Julio Ortega
Porque una bella amiga me pregunta si la Feria del Libro acaba alguna vez, quiero decirle que gracias al ocio estival, tenemos tregua.Lamenta, me confìa, carecer de tiempo para todos, pero intenta leer, no sin sobresaltos, a los 89 escritores del Festival de Bogotá. ¿Cómo leer, en efecto, estas vacaciones a esos 98 jóvenes narradores sin que dejen de serlo antes de acabar una de sus confesiones? Incluso estas preguntas, me dice, las ha leído en alguna parte.No leemos, le respondo, para confirmar la fugacidad de los libros, sino para prolongar su destiempo. Proust, es cierto, necesitó diez mil páginas, pero le dedicó cuarenta a una gran cena y un párrafo a una mera vida.Emma Bovary, me reta ella, leyó a gusto porque vivía en la campiña. Allí donde los pollos corren crudos.
Para no abrumarla de citas ilustres, concluyo: leemos gracias al azar favorable, en esa intimidad, libres del lugar común.
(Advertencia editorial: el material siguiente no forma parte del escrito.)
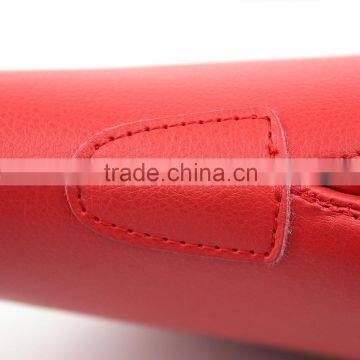 MMA Focus Targets / PU Leather Focus Pads / Boxing Machine photo-4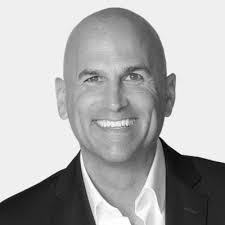 🌟 We're excited to introduce Brittany Deloach as a valued member of the  2024 Prosper Accelerator community!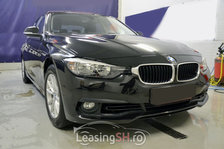 BMW23669 – BMW 318i la 14.899 EUR (vândut)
Puedes dejar de leer sin pena aquello que no ha sido escrito para tí, sin sentirte culpable y, mucho menos, ofendida. Es cierto que los escritores escriben demasiado, pero debe ser porque buscan tus ojos, sin saber que desdeñas las confesiones que prodigan la casualidad.Después de todo, dijo un escéptico inglés, los escritores suelen ser una clase de gente que no vale la pena conocer, pocas veces escuchar, y casi nunca leer. Lo peor de la lectura actual no es la profusión de libros, sino el punto de saturación. Si alguien publica todas las semanas, damos su diario por leído. El lenguaje nombra la diferencia, la repetición lo desnombra.Peor que el horror al vacío es el énfais irrelevante. Lo primero, produjo el Barroco; lo otro, la literatura excesivamente digital.¿Alguno de ustedes no ha leído todavía el Quijote? ¿Alguien no ha leído aún Cien años de soledad?, pregunto el primer día de clases. Y a las tímidas almas que levantan la mano les digo: Qué suerte, no saben lo que les espera. Los estudiantes que sí los han leído, miran a los analfabetos con admiración.No me sorprende que Vicente Aleixandre descubriera que era poeta el día que escuchó un verso de Rubén Darío. O que José Watanabe creyera que La voz a ti debida, de Pedro Salinas, era un don que se le hacía deuda. (La voz a mí debida, decía Juan Ramón).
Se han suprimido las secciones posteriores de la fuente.